Aleksandar • Vacić

iOS bits and pieces

RS.GetRows() considered harmful

Most of my professional work is done in ASP. And with ASP I built or helped build lots of different sites, including enterprise-level ones, where web server is constantly hit - like always has 300+ requests waiting with max possible number of requests executing. Over time, I followed what was being considered best practice and implemented these things.

One of those practices, probably the most outspoken is: use [GetRows()]( method of ADODB.Recordset and then work with created 2D array. It is quicker, faster, consumes less memory - more efficient in any way. I could not find a single trace of warning, no side-effects mentioned, nothing.

Thus in the latest project I do, I went all-GetRows. I eliminated all traces of RS.EOF and RS.MoveNext, and built huge amount of code using this technique. Initial testing showed greatly increased performances (3x and more) and it went live.

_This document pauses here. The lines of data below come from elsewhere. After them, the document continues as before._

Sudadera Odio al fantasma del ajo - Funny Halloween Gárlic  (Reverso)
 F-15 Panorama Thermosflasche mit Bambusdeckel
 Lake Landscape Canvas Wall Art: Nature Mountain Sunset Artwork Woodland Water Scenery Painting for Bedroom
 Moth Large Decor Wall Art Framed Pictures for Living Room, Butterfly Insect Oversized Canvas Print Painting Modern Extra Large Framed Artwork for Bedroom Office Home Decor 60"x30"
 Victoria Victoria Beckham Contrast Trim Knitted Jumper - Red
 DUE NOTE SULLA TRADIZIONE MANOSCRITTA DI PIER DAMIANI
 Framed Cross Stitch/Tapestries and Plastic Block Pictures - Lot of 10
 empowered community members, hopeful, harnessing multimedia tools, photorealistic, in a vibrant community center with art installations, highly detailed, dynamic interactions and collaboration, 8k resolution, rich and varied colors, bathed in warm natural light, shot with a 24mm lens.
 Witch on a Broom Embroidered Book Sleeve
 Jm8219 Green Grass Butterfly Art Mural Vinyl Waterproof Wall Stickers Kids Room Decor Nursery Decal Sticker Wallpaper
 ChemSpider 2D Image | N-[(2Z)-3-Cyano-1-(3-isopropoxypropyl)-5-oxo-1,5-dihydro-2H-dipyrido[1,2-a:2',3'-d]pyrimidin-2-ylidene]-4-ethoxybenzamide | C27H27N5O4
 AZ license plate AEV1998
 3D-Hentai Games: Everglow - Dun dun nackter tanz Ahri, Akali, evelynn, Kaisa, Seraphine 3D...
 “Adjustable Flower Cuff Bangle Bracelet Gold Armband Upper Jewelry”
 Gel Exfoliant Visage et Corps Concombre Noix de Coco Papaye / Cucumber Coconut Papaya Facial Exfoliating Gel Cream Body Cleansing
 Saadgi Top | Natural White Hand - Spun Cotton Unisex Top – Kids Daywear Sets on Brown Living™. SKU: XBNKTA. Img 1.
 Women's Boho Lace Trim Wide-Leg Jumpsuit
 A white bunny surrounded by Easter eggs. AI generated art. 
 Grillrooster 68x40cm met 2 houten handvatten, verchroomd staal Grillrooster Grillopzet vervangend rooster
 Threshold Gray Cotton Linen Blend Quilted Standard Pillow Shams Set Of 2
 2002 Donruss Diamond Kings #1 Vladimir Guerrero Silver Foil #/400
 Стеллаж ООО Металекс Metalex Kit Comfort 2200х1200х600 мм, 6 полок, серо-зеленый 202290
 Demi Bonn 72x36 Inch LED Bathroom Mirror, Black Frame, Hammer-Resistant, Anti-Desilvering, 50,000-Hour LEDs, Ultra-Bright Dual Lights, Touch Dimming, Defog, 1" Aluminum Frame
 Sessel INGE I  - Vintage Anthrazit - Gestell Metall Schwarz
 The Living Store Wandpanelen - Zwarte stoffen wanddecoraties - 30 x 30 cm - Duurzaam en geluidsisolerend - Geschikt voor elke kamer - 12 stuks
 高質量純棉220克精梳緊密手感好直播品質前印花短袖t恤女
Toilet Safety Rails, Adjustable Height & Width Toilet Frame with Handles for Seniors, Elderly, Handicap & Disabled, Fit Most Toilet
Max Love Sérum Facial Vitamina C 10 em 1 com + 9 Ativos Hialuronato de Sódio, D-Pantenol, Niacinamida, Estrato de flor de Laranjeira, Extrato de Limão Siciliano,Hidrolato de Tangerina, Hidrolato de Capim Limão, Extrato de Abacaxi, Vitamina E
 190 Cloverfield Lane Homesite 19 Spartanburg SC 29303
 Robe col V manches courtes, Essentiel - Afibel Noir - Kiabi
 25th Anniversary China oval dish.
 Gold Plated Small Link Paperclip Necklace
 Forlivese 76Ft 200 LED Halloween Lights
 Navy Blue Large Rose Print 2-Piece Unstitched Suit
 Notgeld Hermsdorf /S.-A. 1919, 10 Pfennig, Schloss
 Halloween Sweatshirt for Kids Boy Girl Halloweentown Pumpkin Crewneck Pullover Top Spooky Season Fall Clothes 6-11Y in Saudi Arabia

Soon after, the hellish weeks started.

What no one told you is that using GetRows heavily (and I mean heavily) fragments heap memory. So much, that after some time Oracle OLEDb provider or ADO (have no idea which) starts throwing cannot allocate memory messages with several garbage characters after it. When it will happen depends on how much users are attacking the web site. The more users - the very situation where you need high code speed - the quicker it spends the memory. I guess that after a while it gets into situation where there is no large enough memory block to read recordset into it and/or create an array out of it.

CPU is always close to 100% due to heavy load. Maybe there is no free CPU time at all for memory management…

I’m totally stumped with this and have no idea what to do with it. I spent weeks rearranging the code to minimize the array allocation and only managed to postpone the problem point.

Have anyone built ASP site that gets constantly hit and uses GetRows() or generally uses lots of large arrays? Have anyone encountered this at all?

Moving to .NET is not an option in anything that resembles near future. I’m stuck with this and must solve it somehow; the only option I see now is to return to Recordset processing.